-- Dataset records follows --
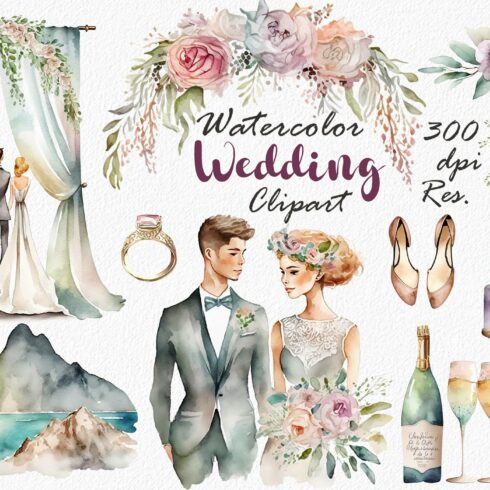 Watercolor Wedding Clipart cover image.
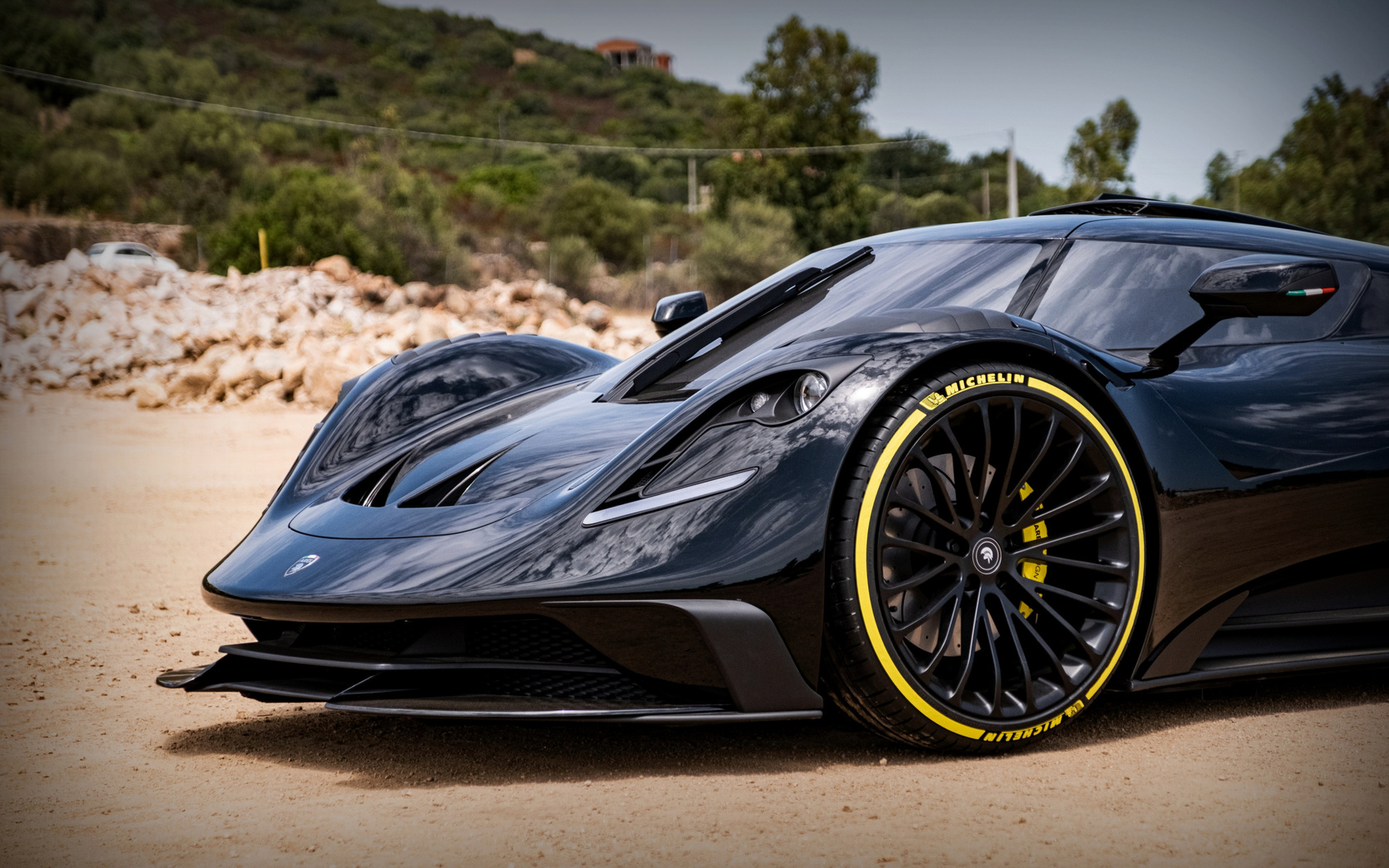 2021, ares, design, s1, project, front view, exterior, black, supercar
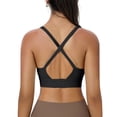 thumbnail image 4 of COMVALUE Women's Square Scoop Neck Sports Bra Thin Strap Padded Low Impact Yoga Bra Wireless Workout Crop Top (Black, XXL), 4 of 7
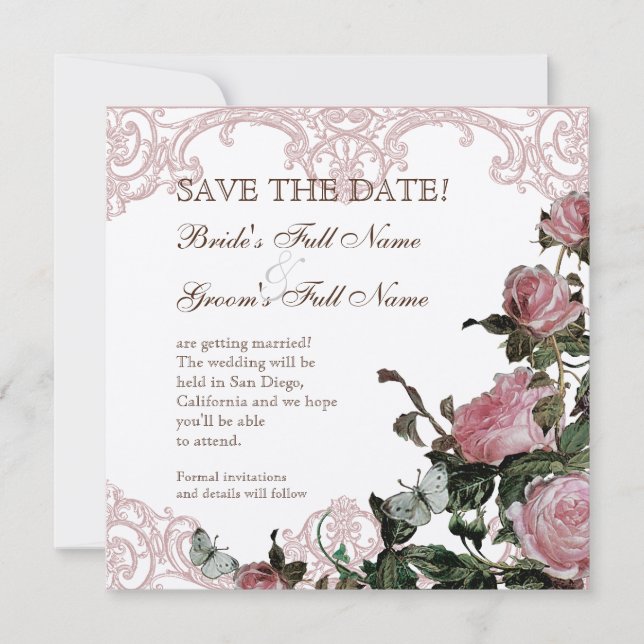 Invitation Annonce de sauvegarde de la date - Trellis Rose Vi (Devant)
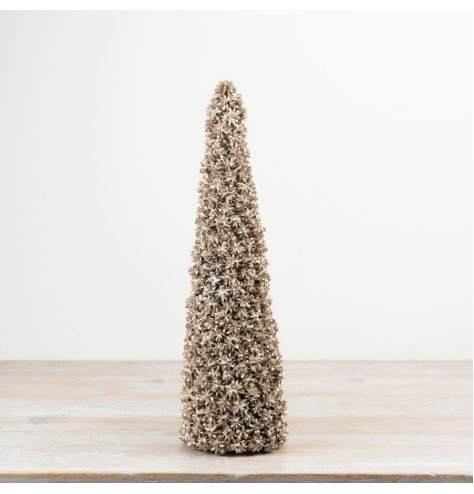 Craft stunning Christmas decor with this shimmering gold glitter cone tree ornament.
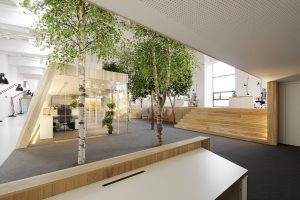 自然原木風(fēng)辦公室裝修設(shè)計淺木色多功能辦公大廳效果圖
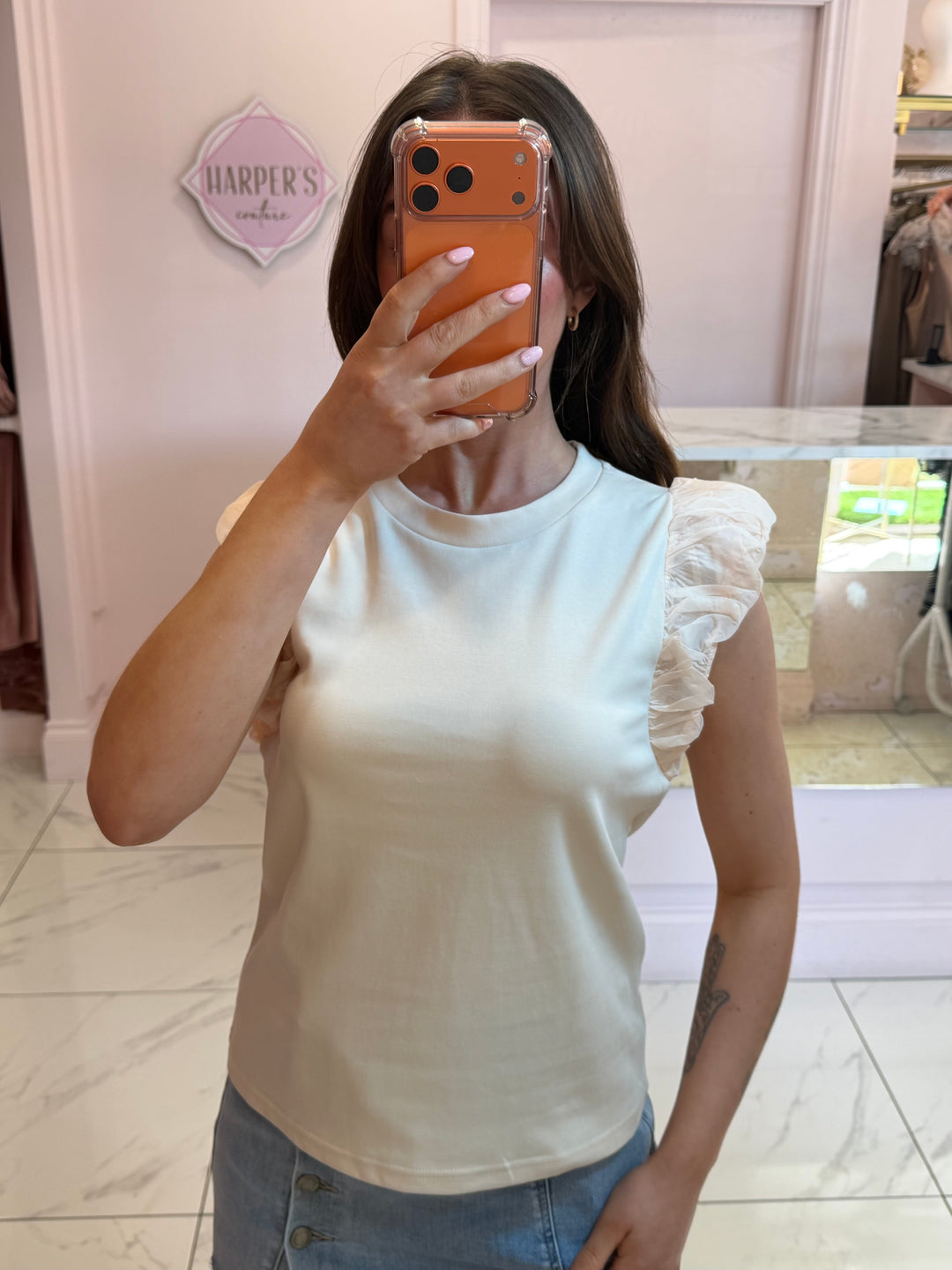 Skye Ruffle Detail Sleeve T-Shirt
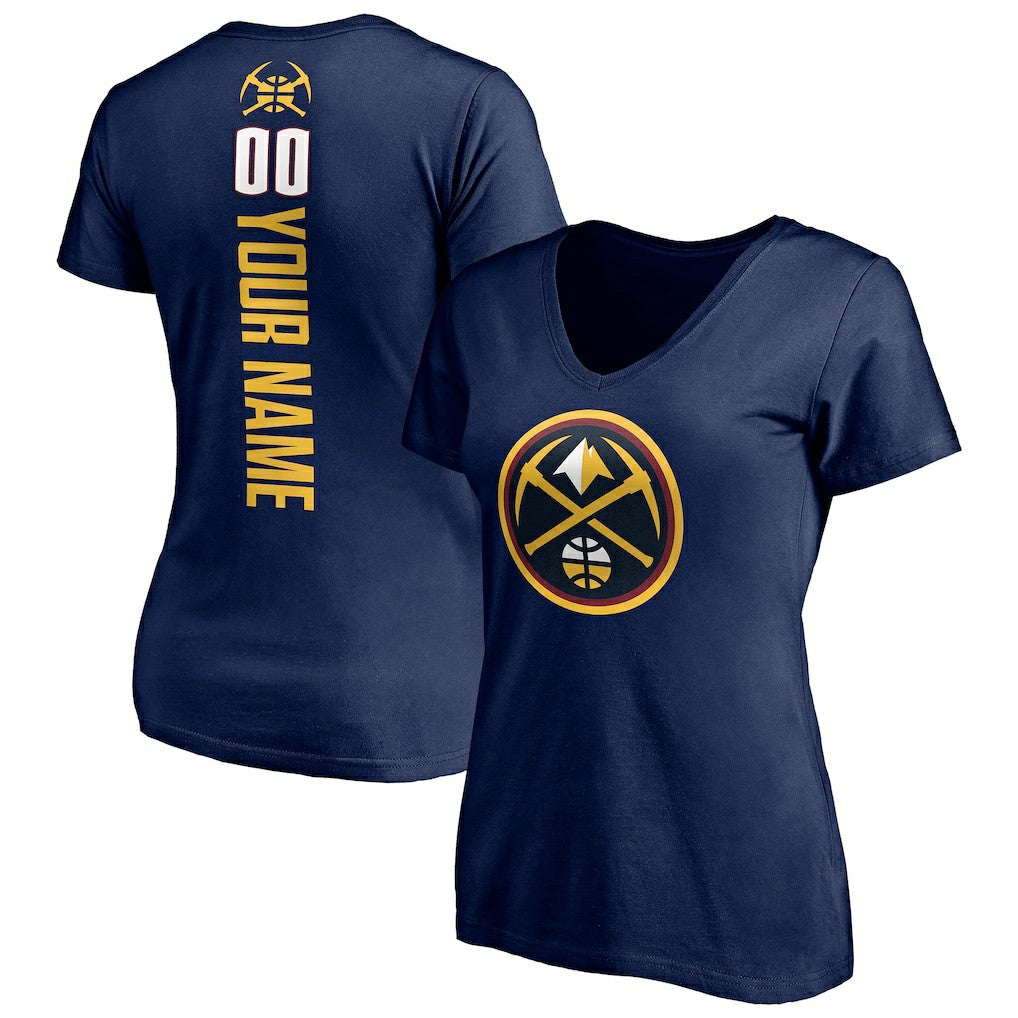 Denver Nuggets Women's Playmaker Personalized Name & Number V-Neck T-Shirt Navy - NBA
-- Dataset records concluded --
> **What to do**
Reproduce the entries above exactly, without images.

> **Answer area**
 Watercolor Wedding Clipart cover image.
 2021, ares, design, s1, project, front view, exterior, black, supercar
 thumbnail image 4 of COMVALUE Women's Square Scoop Neck Sports Bra Thin Strap Padded Low Impact Yoga Bra Wireless Workout Crop Top (Black, XXL), 4 of 7
 Invitation Annonce de sauvegarde de la date - Trellis Rose Vi (Devant)
 Craft stunning Christmas decor with this shimmering gold glitter cone tree ornament.
 自然原木風(fēng)辦公室裝修設(shè)計淺木色多功能辦公大廳效果圖
 Skye Ruffle Detail Sleeve T-Shirt
 Denver Nuggets Women's Playmaker Personalized Name & Number V-Neck T-Shirt Navy - NBA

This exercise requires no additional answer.